There are many different ways to get into the industry – either as a cellular biologist with a question that can only be addressed at the single-cell level; a molecular biologist who likes to develop new approaches for sequencing; or an informatician who likes working with complex datasets. It’s a very collaborative area and relies on a diverse range of expertise, and it is developing so quickly that there are plenty of opportunities to do exciting science.
You recently gave a talk at ‘Genomics Fest’ in Boston, US – what did it reveal about how much we can tell what’s in a cell?
My presentation at the Festival of Genomics in Boston explored the growing trend for single-cell ‘multi-omics’ approaches – where more than one component of a single-cell is analysed in parallel.
As an example, with Chris Ponting and Thierry Voet at the Sanger Institute, we recently developed a protocol which allowed us to sequence not just the genome of the single-cell, but it’s transcriptome as well. This kind of technique lets us look, in one cell, at the relationship between variation in the genome – e.g. mutations – and gene expression. These kind of multi-omic approaches are proliferating rapidly, linking not just genetic but epigenetic variation with expression – it’s a really exciting opportunity to learn as much about a cell as possible.

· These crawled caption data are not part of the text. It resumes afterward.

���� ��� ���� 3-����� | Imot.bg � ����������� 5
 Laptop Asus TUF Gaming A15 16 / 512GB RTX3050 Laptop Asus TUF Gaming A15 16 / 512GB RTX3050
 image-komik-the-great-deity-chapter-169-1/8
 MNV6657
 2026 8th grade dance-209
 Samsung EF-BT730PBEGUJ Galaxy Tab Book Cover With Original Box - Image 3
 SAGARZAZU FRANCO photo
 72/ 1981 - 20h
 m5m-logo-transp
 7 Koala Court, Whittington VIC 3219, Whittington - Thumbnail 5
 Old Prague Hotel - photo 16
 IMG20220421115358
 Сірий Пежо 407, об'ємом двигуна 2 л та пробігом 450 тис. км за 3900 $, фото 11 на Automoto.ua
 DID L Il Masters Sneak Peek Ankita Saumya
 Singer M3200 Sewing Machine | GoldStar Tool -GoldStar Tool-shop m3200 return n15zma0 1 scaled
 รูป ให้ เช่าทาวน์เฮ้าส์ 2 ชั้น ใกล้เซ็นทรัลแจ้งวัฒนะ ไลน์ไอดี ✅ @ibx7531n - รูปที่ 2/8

While there is a lot of interest in this area, these multi-omic techniques are still evolving, as are the analysis tools required to integrate all the data. The methods can also be costly and challenging to implement. I think the data we can now generate from a single-cell can be quite overwhelming, and the trick will be to use the right techniques and analysis to match the biological question. Some great data will come from these kinds of technologies, and people are keen either to collaborate or to get the right kind of training and advice to successfully implement them in their own labs.